Tout à fait. Sans parler de mes personnages, ces deux amoureux magnifiques, je peux donner plein d'exemples. J'ai fait ce film parce que j'ai vu autour de moi des divorces à cause du licenciement et du chômage. Des couples où le niveau de vie baisse, les reproches fusent, le sentiment d'humiliation et de culpabilité grandit… Tout cela a fait exploser des gens qui se sont aimés au départ. J'ai fait un film sur des ouvriers, mais ils ne sont pas en lutte syndicale dans leurs usines. Ils vivent les conséquences de leur situation professionnelle dans leur vie la plus intime, d'où peut-être l'originalité de ce film.
Par ailleurs, un amour n'est pas éternel. Il a besoin d'entretien, d'un terrain propice où il peut évoluer, s'émanciper, s'épanouir. Ce ne sont pas des choses acquises. Le film montre qu'à un moment, ce n'est pas de l'intérieur d'une relation que cet amour risque de disparaître. Elle fléchit sous le joug de ce système financier qui use petit à petit, façonne les attitudes des gens, leurs manières de penser, leur peur de l'avenir, du lendemain… Tout le monde sécurise contre tout le monde et l'explosion de certains petits métiers l'illustre parfaitement : les vigiles travaillent partout et sont souvent sous-payés, ce qui crée un fossé s'élargissant de jour en jour entre les individus d'une seule et même société.
Serions-nous, ainsi, dans un cercle fermé ?
J'ai une croyance absolue en la capacité de l'humain à changer, à s'améliorer et à rebondir. Si on accepte le principe du partage équitable pour faire sortir des gens de la misère, le monde ira mieux. Nous sommes à un moment où il existe plus que jamais des milliardaires, mais où il n'y a jamais eu autant de gens pauvres. Je pense que même pour que les gens riches vivent bien, ils doivent accepter la notion selon laquelle l'accès au minimum rendu possible à tous créera un univers plus égalitaire, permettant à toutes les personnes d'avoir un toit, de bénéficier de santé et d'éducation.
Dans Volubilis, on peut entrevoir une certaine continuité de vos trois longs-métrages précédents. Vous concevez vos œuvres comme une sorte de traits d'union composant une fresque universelle ?
Je pense que mes films sont tous, d'une manière ou d'une autre, dans un certain engagement.

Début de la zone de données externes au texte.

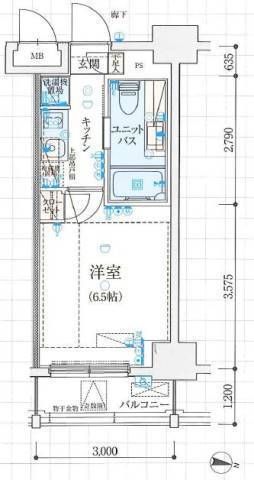 リヴシティ大島イースト 間取り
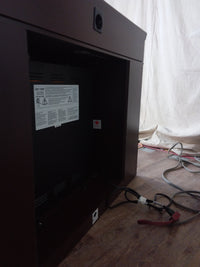 Dark Mahogany Veneer Fireplace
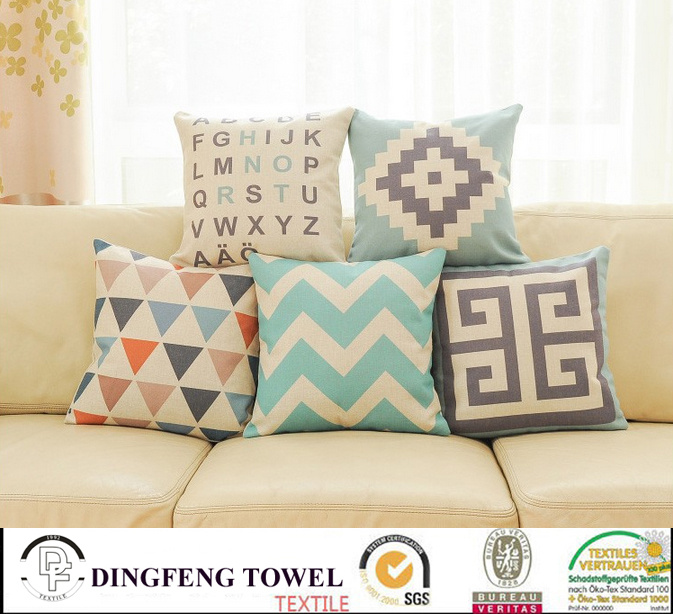 2016 New Design Digital Printed Cushion Cover Df-9816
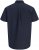 Jack & Jones Henry Slub Short Sleeve Navy - Cămăși - Cămăși Bărbați Mărimi Mari
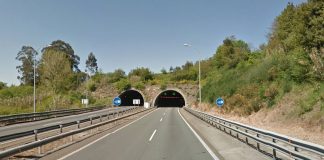 Cierra al tráfico en sentido Tui el túnel de Candeán por un simulacro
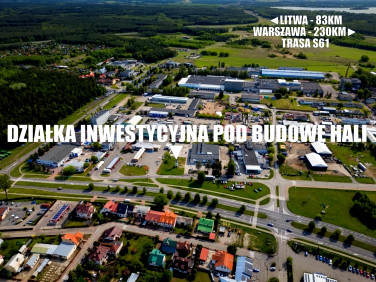 Zabudowana działka Ełk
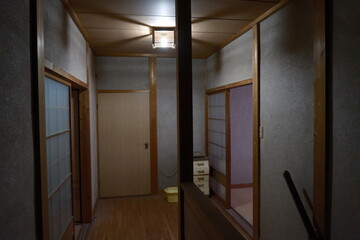日本の古い家の部屋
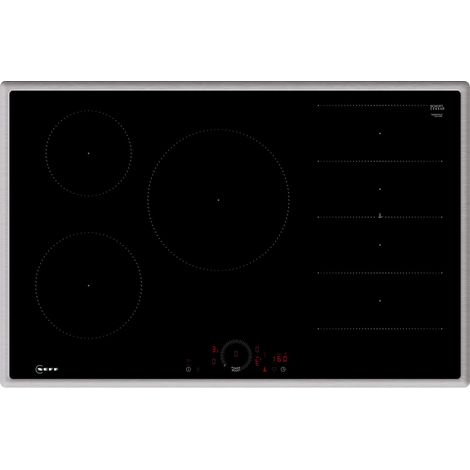 NEFF Neff, T68SHV4L0 - Plaque à induction autonome Flex avec commande Twist Touch N70 - Largeur 80 cm - Noir - Home Connect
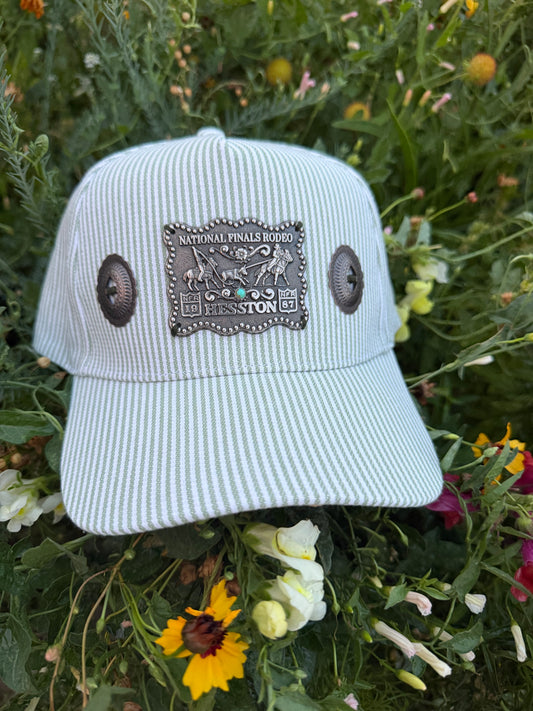 OG simple turquoise Vintage NFR buckle hat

Je ne suis pas dans un engagement primaire qui porte des slogans, des paroles, sans toujours apporter une valeur ajoutée. Je pense qu'un artiste doit s'engager d'abord par ses œuvres, pas par la création de discours en occupant à outrance les médias, les réseaux sociaux… Il existe un lien justement entre tous mes films, qui sont du côté des laissés pour compte.
Dans une autre interview, vous estimez que «ce qui sauvera le monde arabe, ce sont les femmes». Pensez-vous que le contexte politique et social actuel le permettra ?
Ce n'est pas facile. Il faudrait que les hommes le comprennent et acceptent de laisser l'énergie et l'intelligence des femmes irriguer un peu plus le monde. Je pense que tout le monde s'en portera mieux. Cela s'illustre dans Volubilis, où Malika est un personnage pétillant. Je crois qu'elle arrivera à sauver son mari, finalement.